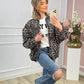 Damen Stylische Leopardenmuster Bomberjacke Trendiger Look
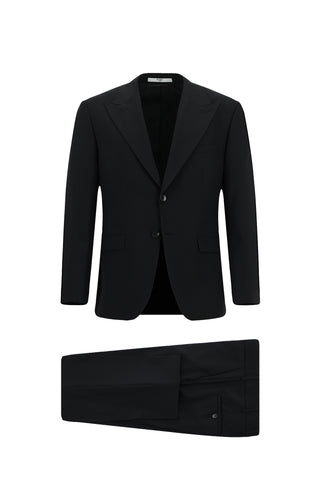  Siyah 8 Drop Long Slim Fit Uzun Dar Kesim Yünlü Takım Elbise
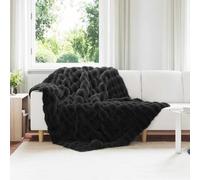 Runheo Olite - Coperta antiscivolo in pelliccia di coniglio artificiale, colore nero, 150 x 220 cm, 4 pezzi, per soggiorno, camera da letto, divano e letto, calda coperta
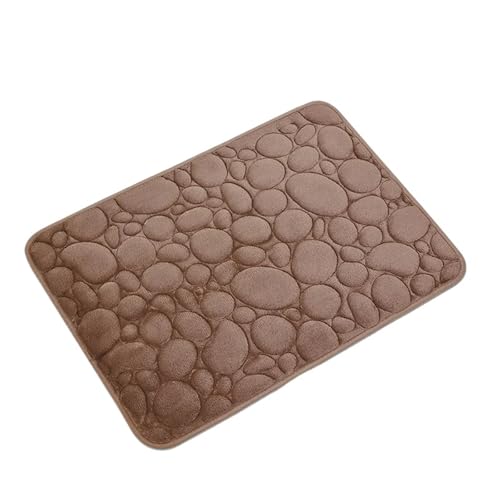 ZHOUXYFDC Anti Rutsch Matte rutschfeste 3D-Badezimmermatte mit Kopfsteinpflaster-Prägung, Badematten, saugfähig, Fußmatte, Teppich, Tür, Fußmatten, maschinenwaschbar, schnelltrocknend(Coffee) von ZHOUXYFDC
--------------------------------
Task brief —
A verbatim retyping of the listing, without any pictures, is the expected answer.

Answer section —
 Damen Stylische Leopardenmuster Bomberjacke Trendiger Look
  Siyah 8 Drop Long Slim Fit Uzun Dar Kesim Yünlü Takım Elbise
 Runheo Olite - Coperta antiscivolo in pelliccia di coniglio artificiale, colore nero, 150 x 220 cm, 4 pezzi, per soggiorno, camera da letto, divano e letto, calda coperta
 ZHOUXYFDC Anti Rutsch Matte rutschfeste 3D-Badezimmermatte mit Kopfsteinpflaster-Prägung, Badematten, saugfähig, Fußmatte, Teppich, Tür, Fußmatten, maschinenwaschbar, schnelltrocknend(Coffee) von ZHOUXYFDC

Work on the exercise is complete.